Am I still thankful?
Before I can answer this question, I must ask another: was I ever thankful?
Well, yes. I think I was thankful. Not because my mother insisted I tell the table why I am thankful expecting me to answer with the usual colloquialisms such as “I am thankful for family and friends.” Though I don’t blame the expectations. After all, what would a mother think if her seven-year-old said “I am thankful that even though my life sucks right now I have the audacity to demand better for myself and the good fortune of courage to make such a change in my immediate surroundings.” Good Lord…

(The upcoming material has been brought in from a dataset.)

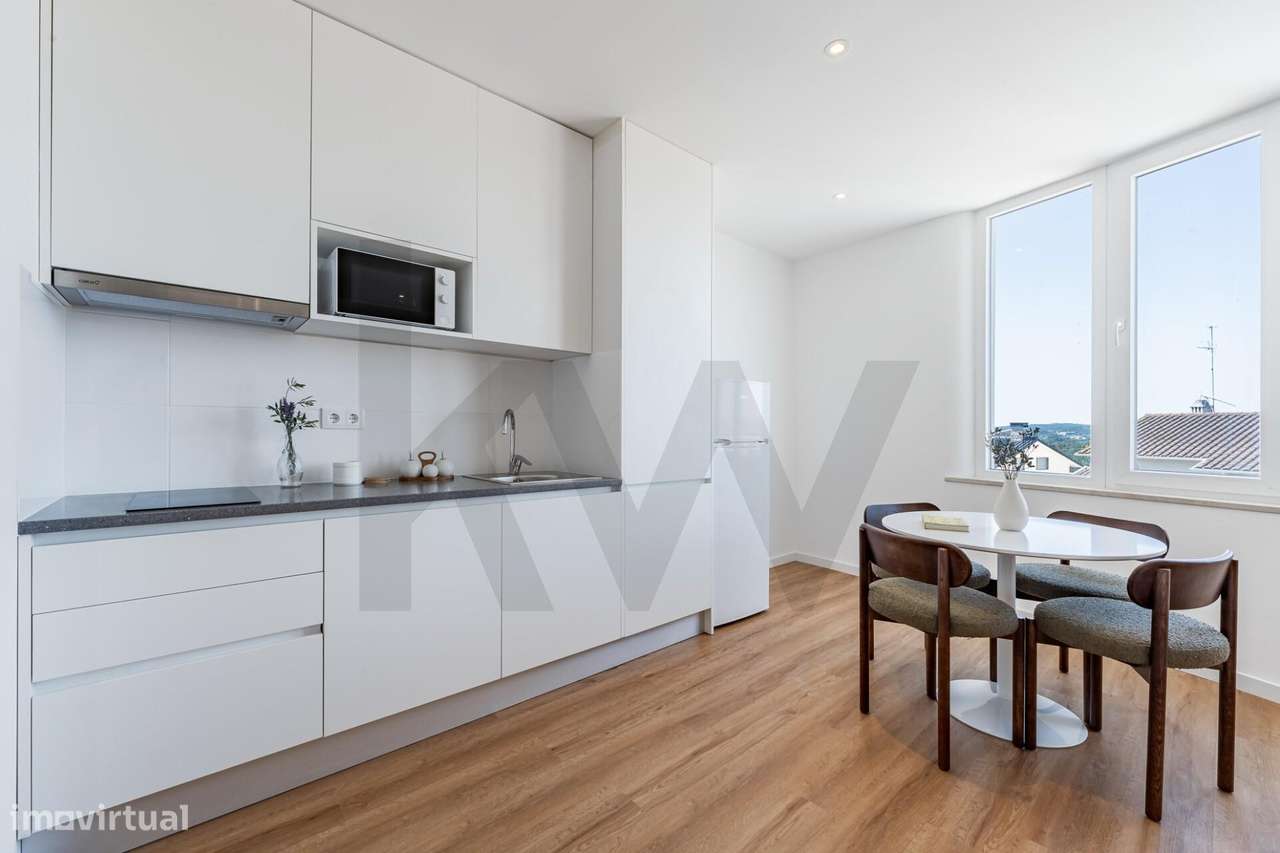Prédio Residencial 17 Unidades – Totalmente Remodelado | Leiria-6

I was thankful as a child because, even though life wasn’t all that great, it wasn’t hell. I felt that as a young man. I knew I was thankful for something but I couldn’t articulate exactly what it was. I knew, for some reason, yeah life sucks and it can get better or it can get worse but I have a lot of say in the matter. That is what I was thankful for. I wasn’t dead and I wasn’t crippled. I was thankful as a child and teenager for having powerful foresight, creativity, and courage. I was smart enough to look into the future, see where things could be, and creative and courageous enough to take risky paths to get there. I never said these things at the dinner table. I didn’t understand it at the time. I still don’t wholly understand it.
I slept hard last night. Harder than normal. I didn’t wake once, unusual for me. I sat by the cold wood stove this morning and stirred the ash, leveled the dust, and stacked kindling in a lean-to against a small chunk of wood. I lit a wad of newspaper under the kindling and the stove came to life. I sat in front of the stove and left the door open and watched the small flame lick the kindling until the kindling caught fire and the flames grew larger. I sat in front of the stove and left the stove door open and watched the fire grow. The flames sent an orange glow around this small cabin and a silhouette of a sitting man projected against the wall, flickering and dancing.

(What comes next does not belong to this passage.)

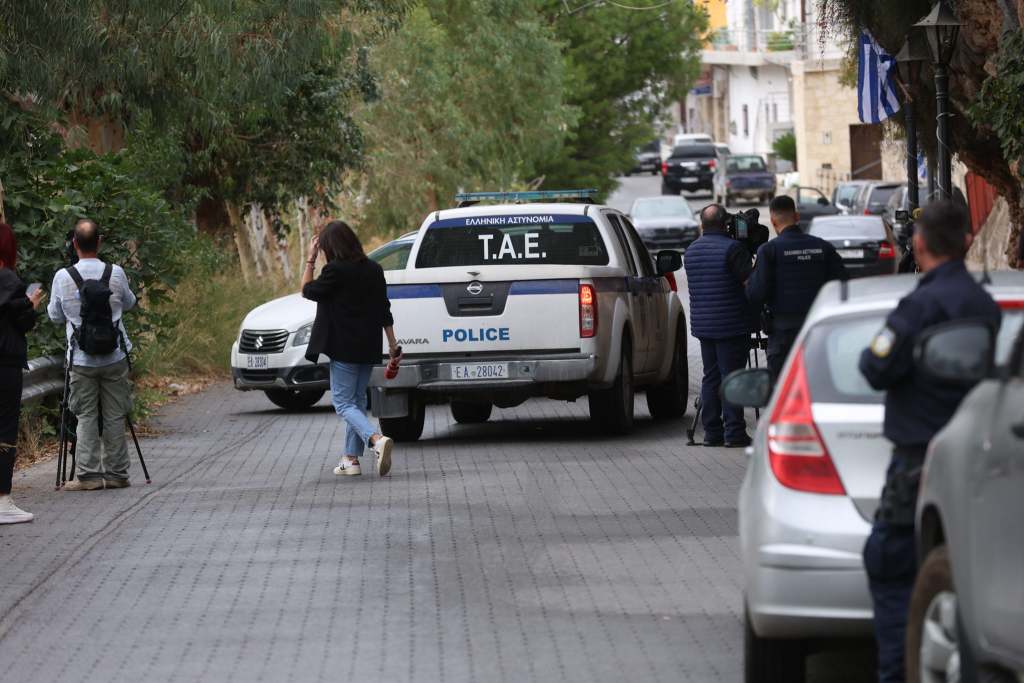 Μακελειό στα Βορίζια: Αυτά είναι τα τρία αδέρφια που καταζητούνται από την ΕΛ.ΑΣ (βίντεο)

I sat in front of the open wood stove and felt the warmth of the growing fire seep into my torso and legs. I was cold inside but the fire warmed me.
After the fire had grown sufficiently, I closed the stove door and moved to my desk and journaled my thoughts. I asked myself if I was thankful for anything. It is Thanksgiving, after all.
Well, yes. I am thankful for some things. It would be foolish and ignorant to not be thankful for anything, but it wasn’t that simple. Feelings, genuine emotion, cannot be willed or summoned upon request. Giving thanks without meaning is a lie to others and a disgrace to oneself.
Am I thankful? Yes.
Why? Well, I am thankful that my life isn’t hell. It isn’t where I want it to be and it hasn’t improved at the rate I would have desired, but it hasn’t gone the other way, either. That’s not nothing.
I reflected on my childhood for a while and remembered all the Thanksgiving suppers, one of the few times each year we sat at the table which normally held junk mail or car parts or nothing at all. I remembered the things I used to say, “I am thankful for my mom and my dad and my brother and our dog and all of my friends.” What was I really thankful for? Life wasn’t hell. It was bad, and sometimes it was really bad, and on occasion it was just alright. I was thankful for having the mindsight to know that life wasn’t static if I demanded better and acted in such a way as to support that development.
Am I still thankful? Yes.
Why? Life still isn’t hell.
I demand better for myself, always better. I demand a life worth living and I am well on my way to achieving such an existence. I am going live, so I can afford to die.